分人という作者平野氏の造語は人を他者を介して現れる人格に対しての表現であり、現代においては場所や人に応じた態度、人格に対して前向きな考え方を提示してくれたように思う。
具体的には八方美人はなぜムカつくのか、という標題でそれは、誰に対しても同じ調子でいい態度で通じるからと高を括って相手ごとに分人化(柔軟な対応の変化、応対)を行うおうとしないからである、と述べた。だがこれが本当に怖いのは相手との相互作用によって生じる分人化という現象が嫌な人と接することで嫌な自分になってしまうことが大いにあるということだ。これが連続すれば八方美人どころか八方ブスにすらなりうる。
この例えで金八先生は一人一人の生徒に柔軟に対応、分人化するが、悪い先生というのは職業としての分人だけでどの生徒ともと接するため嫌われるように描写されるのである。

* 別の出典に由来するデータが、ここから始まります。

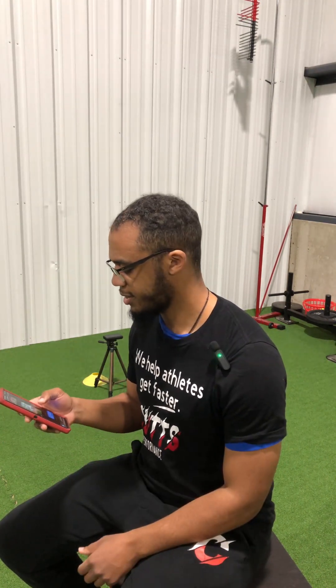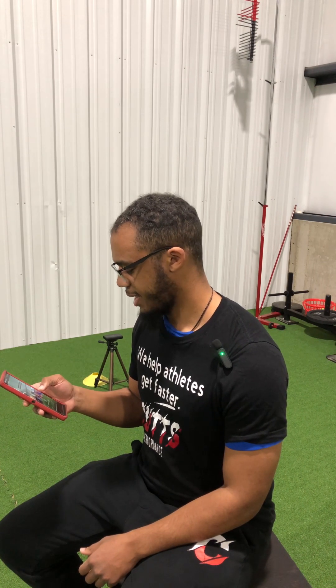All right, so we're back again. We're going to be reviewing another video that Byron sent me and giving my honest and direct opinions on it. This one is an acceleration training day by SK Performance.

繰り返すが分人は他者との相互作用で生じる。ナルシストが気持ち悪いの他者を一切介さずに自分に酔うためである。そうなれば周りはじゃあ自分の好きにすれば、という気持ちになるが、誰かといるときの自分(分人)が好き、という考え方は必ず一度他人を経由している。自分を愛するためには他者の存在が不可欠だという、その逆説こそが分人主義の最も重要な点である。
これも例に挙げられるが、今付き合っている相手が本当に好きなのか分からなくなった時には逆に、その人と一緒にいる自分が好きかどうか?そう考えてみるといいだろう。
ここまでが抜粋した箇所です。